MASON, MICH. - Former MSU football player Auston Robertson will face trial on two counts of third-degree criminal sexual conduct.
The decision was made by 55th District Court Judge Thomas Boyd after a preliminary hearing held Thursday. Robertson had been originally charged with a single count but prosecutors requested a second based on the victim's testimony during the hearing.
Robertson, 19, is accused of of sexually assaulting a 20-year-old woman on April 9 in her apartment in Meridian Township, near East Lansing.
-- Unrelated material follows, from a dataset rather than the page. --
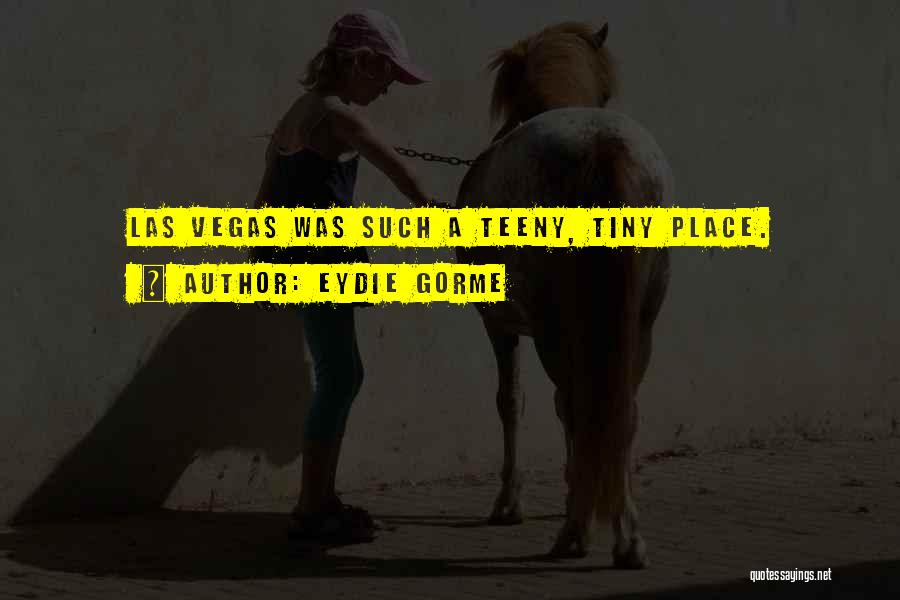 Eydie Gorme Quotes: Las Vegas Was Such A Teeny, Tiny Place.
Third-degree criminal sexual conduct carries a sentence of up to 15 years in prison upon conviction.
Robertson's accuser, a Michigan State University student, said Robertson walked her up to her second-floor apartment and when she entered, he followed her inside to her bedroom.
The State Journal is not naming the woman due to the nature of the alleged crime.
"Auston walked in and closed the door," she said. "He started kissing me and trying to get my pants down."
"I'm trying to push him off of me but as I'm doing that he's trying to turn me around," she said.
"His hands went into my pants," she said, and his finger went inside her.
"Where?" asked Nicole Matusko, an Ingham County Assistant Prosecuting Attorney.
"My vagina," the woman responded.
She said Robertson then forced her onto her bed and raped her. Afterward, the woman told Robertson to "get out," she said.
David Rosenberg, one of Robertson's attorneys, asked the woman why she told her boyfriend and mother about the incident instead of police.
The woman was "in shock," she said, and "wasn't sure if (she) wanted to report this or not."
The woman said her boyfriend, who is an MSU football player, told his coach about the incident. The coach, whom the woman did not identify, notified law enforcement, she said.
After Boyd announced his decision to bind Robertson over, Brent Leder, Robertson's other attorney, asked the judge to remove the requirement that Robertson wear a GPS tether while he is free on bond.
Robertson hopes to attend classes at a community college in Mississippi starting next week, Leder said.
The tether would be "an extreme hindrance in the pursuit of athletics," he said, noting Robertson hopes to play football at the school.
Boyd declined, saying he'll leave the decision up to a Circuit Court judge. Robertson's Circuit Court arraignment is set for July 5 in Lansing.
Rosenberg said after the hearing that Judge Boyd made the right decision to bind the case over for trial but maintained his client's innocence and said it's a "weak case."
"They're claiming lack of consent," he said. "It's obvious to me that's just not a truism."
Rosenberg also said his defense of Robertson has been hindered by the fact that he doesn't have any audio of the victim's initial interview with a Meridian Township detective.
"It's on video as required by statute, but the audio didn't come out," he said. "So all I'm left with is a recitation from the police officers as to what this young lady has said, not her actual words."
Rosenberg went on to note he has "no reason to disbelieve" the detective's explanation that there was a technical malfunction.
Rosenberg also raised the question of whether the accusation against Robertson is related to another incident in which three former teammates are accused of sexually assaulting a different woman in January. Josh King, Donnie Corley and Demetric Vance were arraigned earlier this month and their cases are pending in East Lansing's 54B District Court.
"I'm not necessarily a conspiracy theorist," he said. "There's a whole lot more going on here than meets the eye. A whole lot going on here."
"This incident occurred with these other fellas in January," he said. "My client reported that event, according to (MSU Trustee Mitch Lyons). He outs Mr. Roberson as the person who reports this to coach. A few days later my client gets arrested for sexual assault. The crime seems a little convenient."
Rosenberg's characterization of the timeline, does not match dates previously made public.
The January incident was reported to head coach Mark Dantonio on Jan. 16, according to an external report by the Jones Day law firm that was commissioned by the university. That report did not name the player. Jones Day also examined football staff's response to the April 9 incident, which it says was reported to Dantonio on April 9 in a telephone call from a football player who also is not named in the report.
The Jones Day report was made public June 5. Trustee Lyons, who has since said he "deeply regrets" naming Robertson as the player who reported the incident, initially made those remarks in a radio interview on June 6.
Robertson was arrested April 23, in his hometown of Fort Wayne, Indiana.
The two Ingham County charges are the second serious allegation levied against Robertson.
He was arrested in January 2016 on a misdemeanor battery charge stemming from an October 2015 incident at his high school, Wayne High. Robertson was accused of improperly touching a female classmate, according to Allen Superior Court 4 records.
Those charges were cleared from his record March 22 after he fulfilled the terms of his diversionary program, according to court records.
MSU head coach Mark Dantonio removed Robertson from the team April 9, the same day charges in the latest incident were announced.
"Sexual assault has no place in our community," Dantonio said in a statement. "While there is an ongoing criminal process, we’re extremely disappointed that Auston put himself in this position."